The Task Force is gathering evidence of discrimination against disabled Americans, and is seeking examples of successful local, state, national and international efforts to overcome barriers to self-realization.of disabled people. It is also recommending options for short and long-term actions relating to Congress, the Executive Branch, and the public. "The information collected by the Task Force will be invaluable to my Subcommittee and to Congress as a whole, as we consider this and subsequent legislation to implement the integration of disabled Americans into the productive mainstream of society," says Congressman Owens.

OPENING STATEMENT OF SENATOR HARKIN Senator HARKIN (presiding]. Thank you very much, Congressman Owens.

Again, I want to welcome all of you here. I want to also welcome my colleagues here. I would say without hesitation that you see in front of you really the vanguard in the Congress of those who care about and fight for Americans with disabilities. Senator Kennedy, Congressman Coelho, Congressman Owens, Senator Weicker, and Congressman Jeffords.
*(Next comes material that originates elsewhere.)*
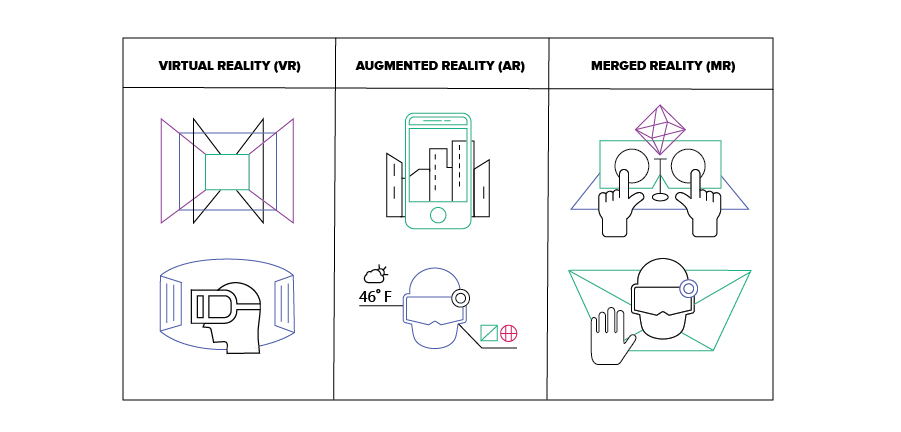 future-of-intelligent-personalization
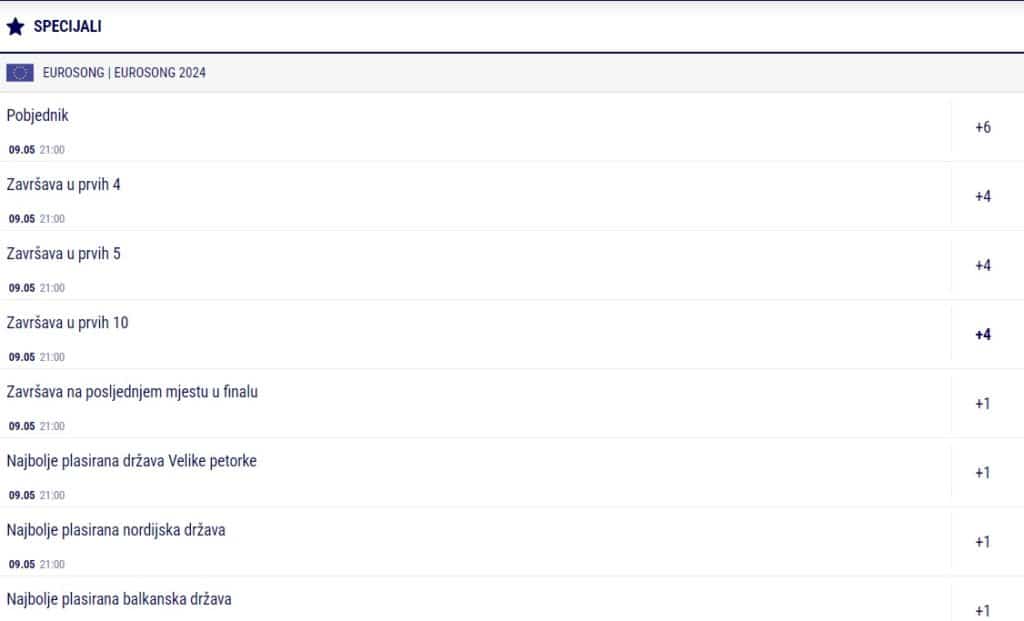 Favbet - klađenje na Eurosong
I am really proud that you are all here.

We are holding this joint hearing on the pervasive problem of discrimination in our Nation against Americans with disabilities. This hearing will go down, I believe, in history as another significant step in Congress' effort to ensure equal opportunity for our 42 million Americans with disabilities.

People with disabilities, like racial and ethnic minorities and women, are entitled to obtain a job, enter a restaurant or hotel, ride a bus, listen to and watch the TV, use the telephone, and use public services free from invidious discrimination and free from po lices that exclude them solely on the basis of their disability. Every American must be guaranteed genuine opportunities to live their lives to the maximum of their potential.

Almost a quarter of a century ago, Congress took the historic step of passing the Civil Rights Act of 1964 which, among other things, bars discrimination against persons on the basis of race, color, and national origin by recipients of Federal aid, and in such areas as employment and public accommodations. Americans with disabilities were not protected by this landmark legislation.

In 1968, the Congress and the President took another historic step when it passed the fair housing legislation barring discrimination in housing. Once again, people with disabilities were not extended protections by this legislation.

In 1973, some 15 years ago, the Congress finally adopted section 504 of the Rehabilitation Act, which prohibits discrimination on the basis of handicaps. However, this legislation only prohibits discrimination by recipients of Federal aid. It does not cover discrimination by private employers; nor does it prohibit discrimination in public accommodations.

Thus, today under our Nation's civil rights laws, an employer can no longer say to a prospective employee, “I will not hire you because of the color of your skin, or because you are a woman, or because you are Jewish.” If they did, a person could march over to the courthouse, file a law suit, win, and collect damages and attorney's fees.

Yet, to this day, nothing prevents an employer or an owner of a hotel or restaurant from excluding Americans with disabilities. The courthouse door is still closed to Americans with disabilities.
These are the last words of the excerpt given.